# Braveheart: End Titles



## themeworks (Mar 7, 2021)




----------



## CT (Mar 8, 2021)

This is Berlin Strings, isn't it? The vibrato is a little too much for me here, at least in certain spots which need a more "still" sound. At 3:20, I think you have a transposition problem. And there are a few moments where there is audible compression or general distortion. I think if that's happening it's better to just turn things down! The spots where you've given the pipes part to the oboe is a smart substitution, but I think they'd speak better doubled an octave above with the piccolo which you haven't done every time, from what I can tell. There are a few other places where I think you've got the transcription/orchestration off, but nothing major.

Otherwise, nice display of what StaffPad can do with a lovely piece of music. There's just a little bit of "oomph" from added expressive possibilities that I think would be gained from a DAW treatment, but it's a very good step forward for notation playback.


----------



## themeworks (Mar 8, 2021)

Thanks! really great suggestions. I know the area you are talking about on the transcription. It’s driving me nuts. I’ll figure it out. 

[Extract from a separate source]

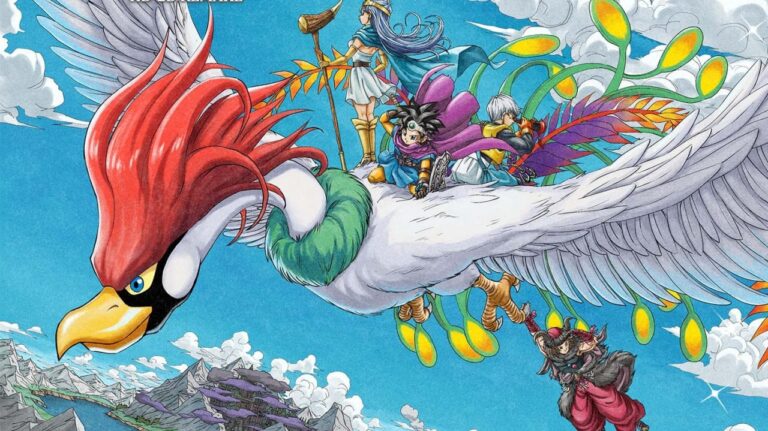 Video: Dragon Quest III HD-2D Remake Launch Trailer Builds Excitement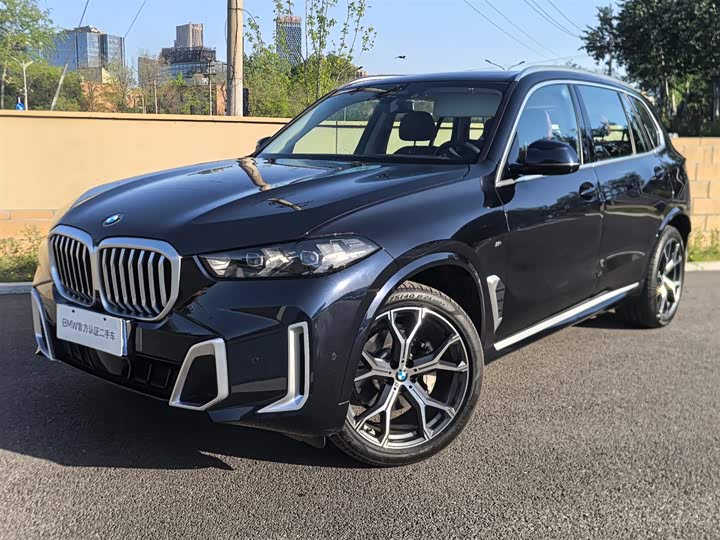 2025 BMWX5 2023 Model xDrive 30Li PremiumModelM Sports Package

Changed up the doubling on the Oboe and tried a few things like Eng Horn and 2nd flutes. We need some alt winds on SP.

Volume seems to help on the vibrato but I’ll try CineStr next for less wash. Yes some sections are hot, this is coming straight out of SP. I’ll play with it.

Thanks again!


----------



## MadLad (Mar 8, 2021)

Berlin Strings has a "non vib." command to give you non vibrato sounds. I use that with fast melody lines that usually sound messy with the standard vibrato of Berlin Strings.


----------



## themeworks (Mar 8, 2021)

Thanks! Does anyone know where all of these supported commands/techniques/articulations are listed for each 3rd party library on SP? I have been doing it via some demo videos & trial & error. A short guide would be immensely helpful.


----------



## MadLad (Mar 8, 2021)

There isn't, unfortunately. I got most of my knowledge about the commands from here and from youtube.


----------



## Jish (Mar 9, 2021)

I really like the mix here at times, and for some reason almost _like_ that it's pushing the output to distortion at certain places- James reveled in his end credits, and this one for me always rivaled any others he did, it just hit's deep (even if the film is more than a little historically off).

Also, nicely edited- I particularly enjoyed the first one where staffpad is blended in with the edited montage. Seeing as you're a Jerry fan, taking any requests from his 90's repertoire? I'm thinking mostly 'The Mummy- End Credits' and 'First Knight- Promise Me' though there are many others.


----------



## themeworks (Mar 11, 2021)

I have been working on the final levels coming out of SP. Sometimes its really hot at tutti.... and I am trying to avoid "mixing" in the traditional sense, or doing extra post like Izotope or other plugins. I really want it all on the page - for a real orchestra. I keep trying to do better with each one.

Yes, I have more Jerry coming. See today's post, for ex.


----------